I remember that day...
I had been woken up early because my grandmother had died overnight. My mother had phoned in to the college and I'd been granted a leave of absence. Then, at about midday, the news came in from my other grandmother's house. My cat of seven years, whom she had been looking after whilst we were having building work done, had also died.
"What a shitty day," I thought as I sat down to watch the NewsRound special. "How could this day get any worse?"
It did.
I was a 17 year old studying science A-levels. I'd collected the whole of Insight, a magazine / encyclopaedia of science in weekly parts with binders, which I read with my father as I grew up, and was filled with the promises of reusable space exploration vehicles; I'd studied the cut-away diagrams of the STS craft and their launchers; I'd stood as close as it was allowed to the giant rocket assembly hangars in Florida; I was a great fan of Dr Who and Blake's 7, with their visions of cities in space and regular off-planet living; I'd stood on the roof of Manchester Airport's terminal building as the 747 carrying a shuttle had overflown the UK that time.

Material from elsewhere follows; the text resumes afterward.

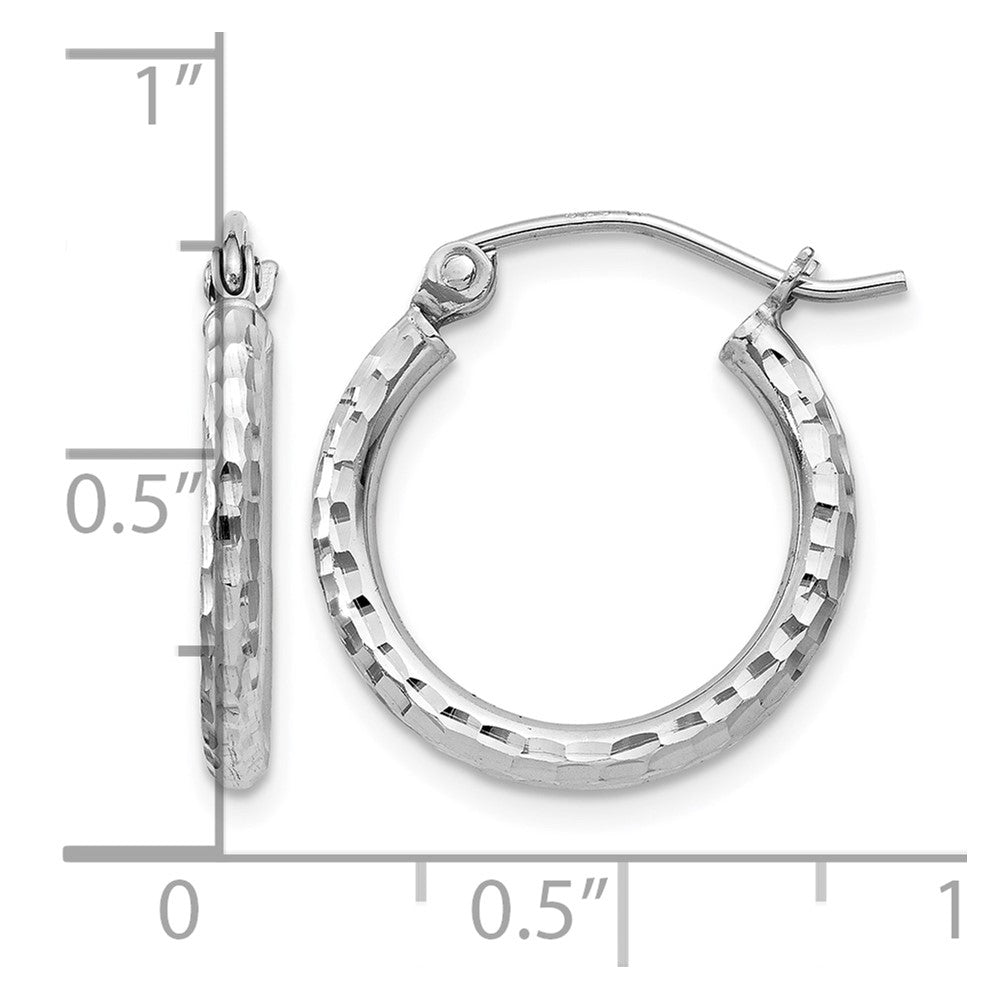 Sterling Silver Rhodium-plated 2mm Diamond Cut Hoop Earrings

My jaw dropped as the vapour trail rising into the sky unexpectedly split, then mushroomed. A brief flash and the camera changed to a wobbly extreme tele-photo lens. Debris was spreading out and down from the inside of a cloud. I was overtaken by an almost maniacal laughter as the words of the launch controller permeated my cortex.
"We appear to have a major malfunction".
Malfunction? That has to be the understatement of the century.

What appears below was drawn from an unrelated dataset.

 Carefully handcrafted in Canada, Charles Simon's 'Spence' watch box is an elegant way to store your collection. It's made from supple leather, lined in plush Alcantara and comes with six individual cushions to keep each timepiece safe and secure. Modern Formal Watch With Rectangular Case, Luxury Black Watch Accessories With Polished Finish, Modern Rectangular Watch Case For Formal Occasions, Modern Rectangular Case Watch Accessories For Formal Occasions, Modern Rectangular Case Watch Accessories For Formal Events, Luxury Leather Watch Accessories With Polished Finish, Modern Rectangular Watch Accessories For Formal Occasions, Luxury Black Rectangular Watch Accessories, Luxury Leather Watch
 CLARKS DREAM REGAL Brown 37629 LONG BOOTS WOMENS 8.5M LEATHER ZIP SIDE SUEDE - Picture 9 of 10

Then shock, disbelief, rapt fascination, spilt tea.
Then the soothing voice of John Craven, usually so level, a hint of alarm edging his voice. My recall will not be 100%, but it was along the lines of...
"Well, we're going to stay with Cape Canaveral for a while. It appears as though there's been a problem with the launch."
The rest of the evening was just a blur. Analysis, shock, reaction, more analysis, waiting for news of survivors, politicians making speeches, speculative analysis, experts wheeled out, financial analysts making predictions about the future of the space programme which was, for me, the future of mankind.
Every year on this day, I ring my father. I never tell him why. It's because he lost his mother. I'm sure he knows that's why, but he'd never say. Maybe he's not noticed. It's a date etched on my memory, though.